Achei este poema traduzido em inglês porelo novaiorquino Roger Greenwald. Não vi o original em sueco e, mesmo que o visse, ficaria com a mesma dúvida e a mesma fantasia: o que acontece a um poema depois de passar por várias línguas e tradutores? como voltaria ele à língua em que foi escrito?




Eu gosto das palavras em várias línguas e gostaria de saber mais dessas línguas todas para ler a história que cada palavra conta na sua singularidade.












A cidade perfeita
(a partir da versão em inglês de Roger Greenwald)




Uma quarta-feira três voos para fevereiro
ela tinha feito a cama com lençóis limpos,
abertas as cortinas,
da janela donde não se vê o céu
mas um outro edifício.


Havia uma tempestade que passou.
Tanto sangue em movimento
através dos seus corpos.


Ela flutua nos seus cabelos em cascata.
A cidade lá fora está vazia,
perfeita e vazia.
No seu centro fica a sua casa,
tecendo silêncio pelas ruas.



A escuridão dos poços espera
ser içada, vir acima
em baldes silentes
mas a frieza do mármore não se pode apagar.

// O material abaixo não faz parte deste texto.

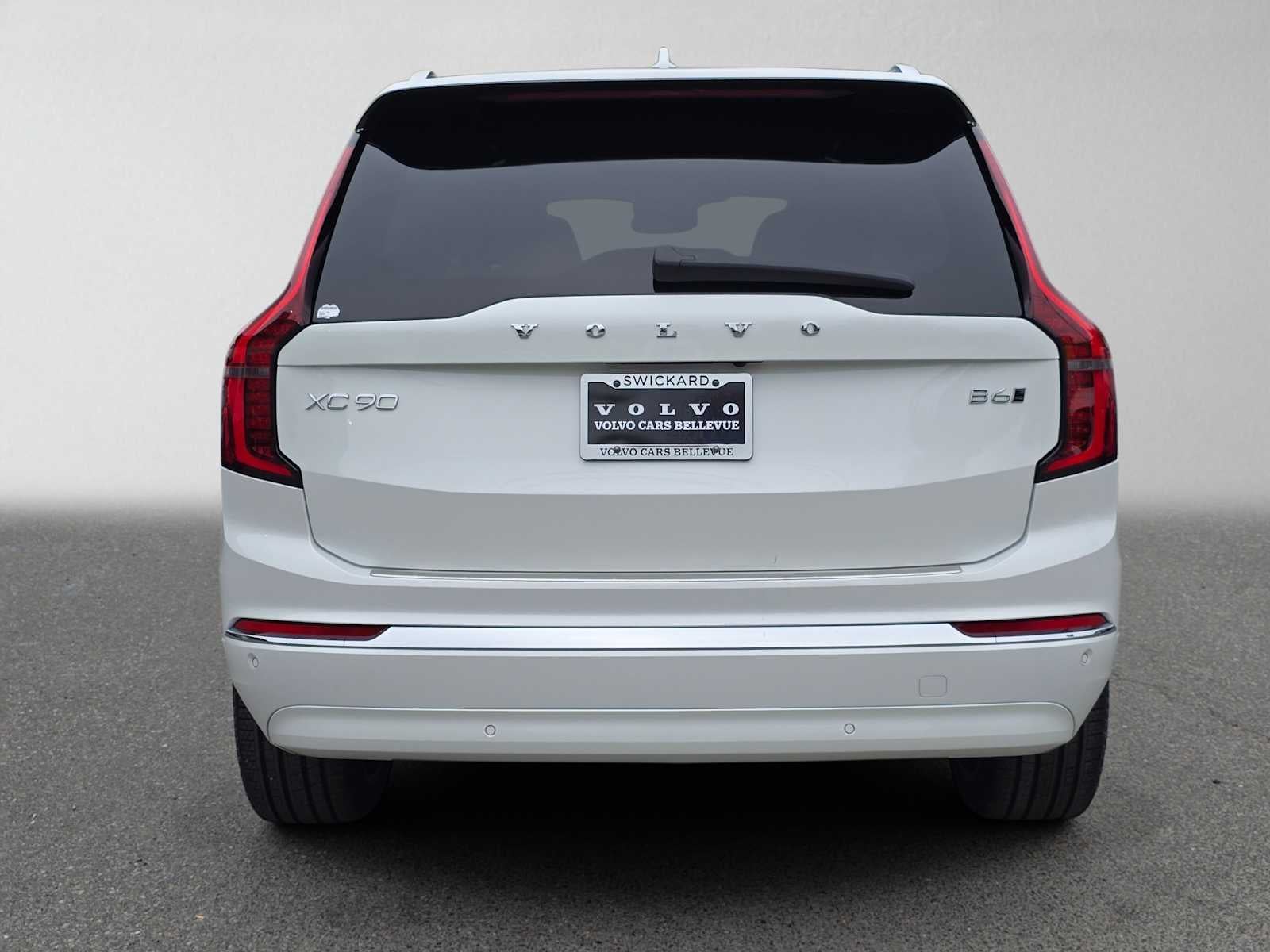 2026 Volvo XC90 Plus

Estamos apenas no início da história.
Um dia o sangue fluirá a partir da brancura.





The Perfect City
Translated by Roger Greenwald



One Wednesday three flights up in February
she had made the bed with clean sheets,
drawn the curtains,
for the window did not face the sky
but another building.


There was a storm that passed through.
So much blood in motion
through their bodies.


She floats amid her cascading hair.
The city outside is empty,
perfect and empty.
At its center stands their house,
casting silence through the streets.


Darkness waits in wells
to be hauled up, hauled upin
silent buckets
but the coldness of marble cannot be quenched.


We are only at the beginning of the story.
One day blood will flow from the whiteness.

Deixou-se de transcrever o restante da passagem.